Announcing a multibillion dollar takeover must be a hair-raising experience. Despite the months of negotiations and the small fortunes (or not so small...) paid to slick advisers at investment banks, there’s always that niggling doubt that something will scupper the deal, leaving the board with some serious egg on their faces.
Shell boss Ben van Beurden will have breathed a sigh of relief today, then, as his acquisition of BG Group got final regulatory clearance from the Chinese Ministry of Commerce (otherwise known as ‘MOFCOM’, which sounds rather too much like a Russian hat to be a respectable acronym, but that's by the by).
This means that all the regulators who could have spoiled the party have now given their blessing, and the takeover could complete early next year. But celebrations would be a little premature. There remains the little matter of receiving approval from the shareholders.
When he announced the deal in April, van Beurden said ‘bold, strategic moves shape our industry’, which sounds great, except ‘bold’ isn’t exactly the word that comes to mind after hearing ‘oil firm shareholder’ in a word association game. ‘Dividend’ on the other hand...
Last year, Shell paid something in the region of £8bn in dividends, while BG Group managed about £700m. As part of the cash and equity deal announced in April (then worth £47bn; now around £34bn), Shell shareholders will own 81% of the combined firm. A beermat, a pen and a Maths GCSE are all that’s required to see that the gain in total dividend is outweighed by the loss in share.
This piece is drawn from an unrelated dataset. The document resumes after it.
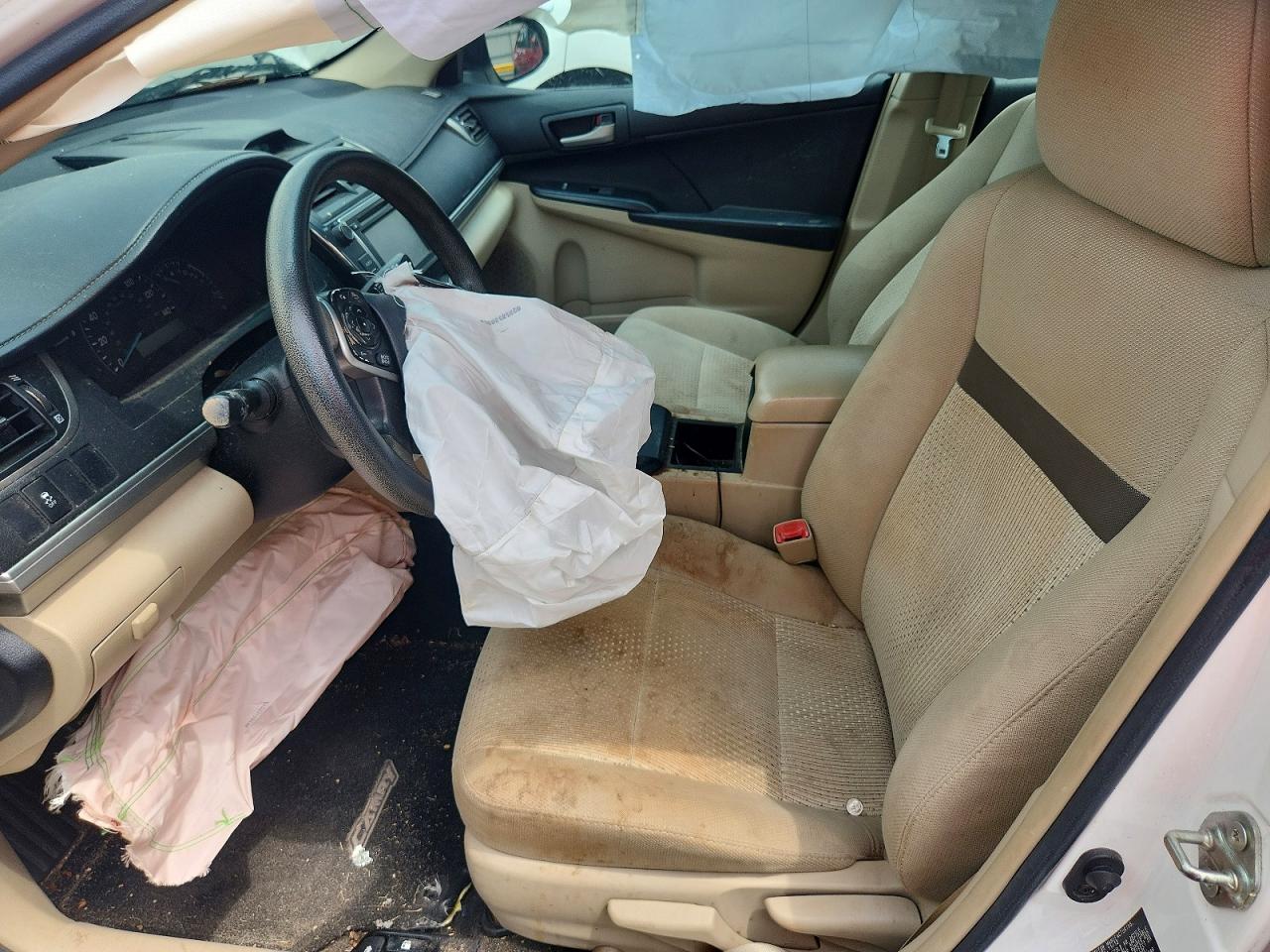 2014 Toyota Camry L White vin: 4T1BF1FK0EU762469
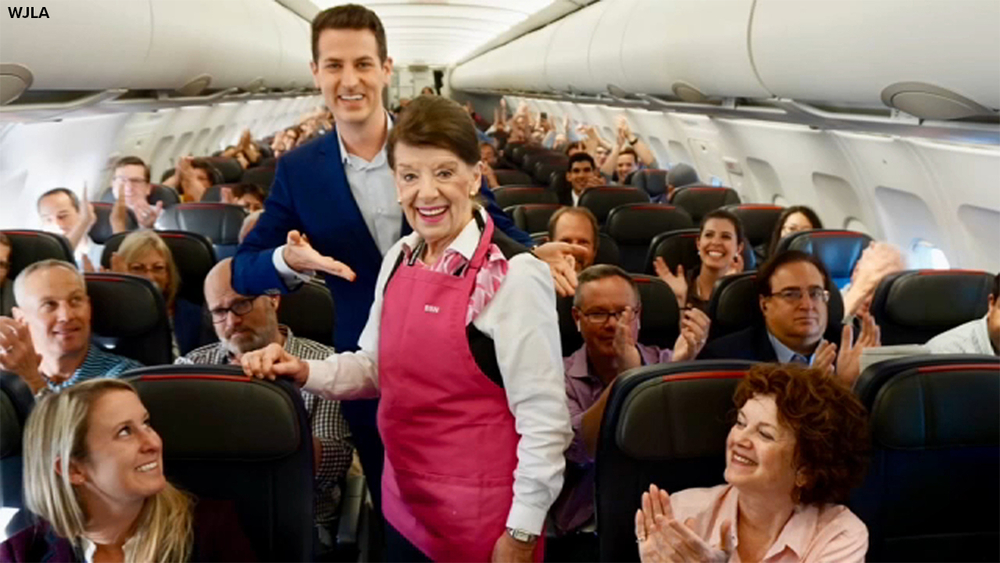Guinness recognizes world's longest-serving flight attendant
The £13bn in cash that the firm needs for the purchase could also cause some heads to shake, even if van Beurden insists there are significant savings to be had from ‘synergies’.
Of course, the deal was never supposed to produce immediate results. Shell was attracted by BG Group’s strong and highly complementary upstream portfolio and its presence in the promising and lucrative liquefied natural gas (LNG) sector. It also no doubt saw the oil price slump as a unique opportunity to grow by gobbling up smaller rivals struggling to survive on their own.
That’s all very well, but with the oil price down at less than $40 (£27) a barrel and Shell just making a $6bn quarterly loss on asset impairments, this is going to be hard to swallow. Convincing investors that it will all be worth it once oil rebounds to $70, $80 or $100 will be challenging at best when there are no signs that the price war between OPEC and the American frackers will be resolved any time soon.
Van Beurden will have to hope that the tendency of Shell's investors to think for the long term will outweigh their tendency to avoid risks. They certainly weren’t leaping up and down on the news in either case. Shell shares fell half a percent to £14.51, while BG Group shares rose 1.2% to 937.1p.